Week one was absolute hell.

Everyone was given a custom meal plan that, although straight and simple, is easy to stray from. The plan consists of several food options I would eat anyway when eating healthy, so that wasn't the difficult part. The hard part is everything not on the list. Week one shows you explicitly just how terribly you eat and drink. Week one reminds you of all those days you spent inside instead of exercising.

Week two was easier… and more satisfying. Cravings were still there, but they weren't as strong as the previous week. Even more rewarding, I had lost three pounds! My family could already see a difference in my body. I was performing exercises and eating foods I never expected myself to do or eat.

Week three was a giant curve ball I thought I had prepared for. My family went on a week-long vacation out of town, taking me away from the gym and the environment I had grown used to for this program. I decided I would continue to meal prep and utilize the at-home workouts the gym provided for us. I wanted to stay on top of the game. Things changed, however, when I got sick and was bedridden for the rest of the week. I couldn't eat, and I certainly couldn't move enough to work out. Whatever it was that hit me didn't leave for over a week.

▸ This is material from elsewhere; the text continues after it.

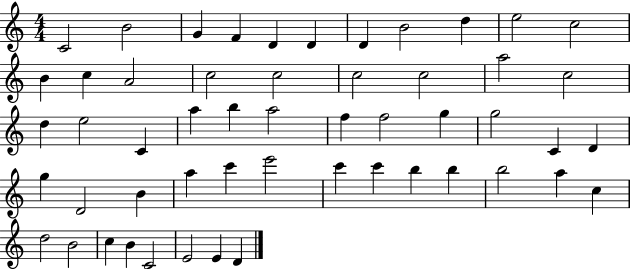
C4/h B4/h G4/q F4/q D4/q D4/q D4/q B4/h D5/q E5/h C5/h B4/q C5/q A4/h C5/h C5/h C5/h C5/h A5/h C5/h D5/q E5/h C4/q A5/q B5/q A5/h F5/q F5/h G5/q G5/h C4/q D4/q G5/q D4/h B4/q A5/q C6/q E6/h C6/q C6/q B5/q B5/q B5/h A5/q C5/q D5/h B4/h C5/q B4/q C4/h E4/h E4/q D4/q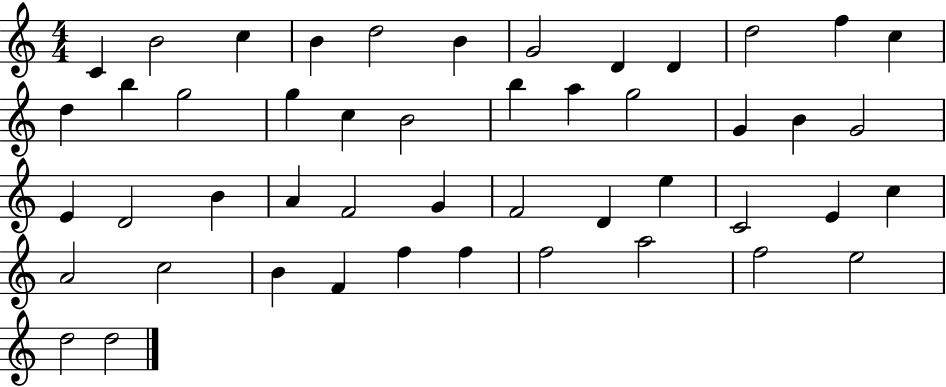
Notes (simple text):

C4/q B4/h C5/q B4/q D5/h B4/q G4/h D4/q D4/q D5/h F5/q C5/q D5/q B5/q G5/h G5/q C5/q B4/h B5/q A5/q G5/h G4/q B4/q G4/h E4/q D4/h B4/q A4/q F4/h G4/q F4/h D4/q E5/q C4/h E4/q C5/q A4/h C5/h B4/q F4/q F5/q F5/q F5/h A5/h F5/h E5/h D5/h D5/h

I lost six pounds in four days, which wasn't the way I planned to lose that weight.

Going back to the gym this week was difficult. My morale was lower. Sure, I'd lost more weight, but it wasn't through the work I had signed up to do. I feared gaining it all back after being able to eat again. Working out is shaky at best due to being on a liquid and soup diet, but this time, I'm not giving up.

It's only week three, and I've seen more results in less than a month than I have in the last five years. I've never felt so empowered to treat myself well.

If anything, it's a lesson in challenging yourself. Don't hold yourself back; you may be surprised by the rewards.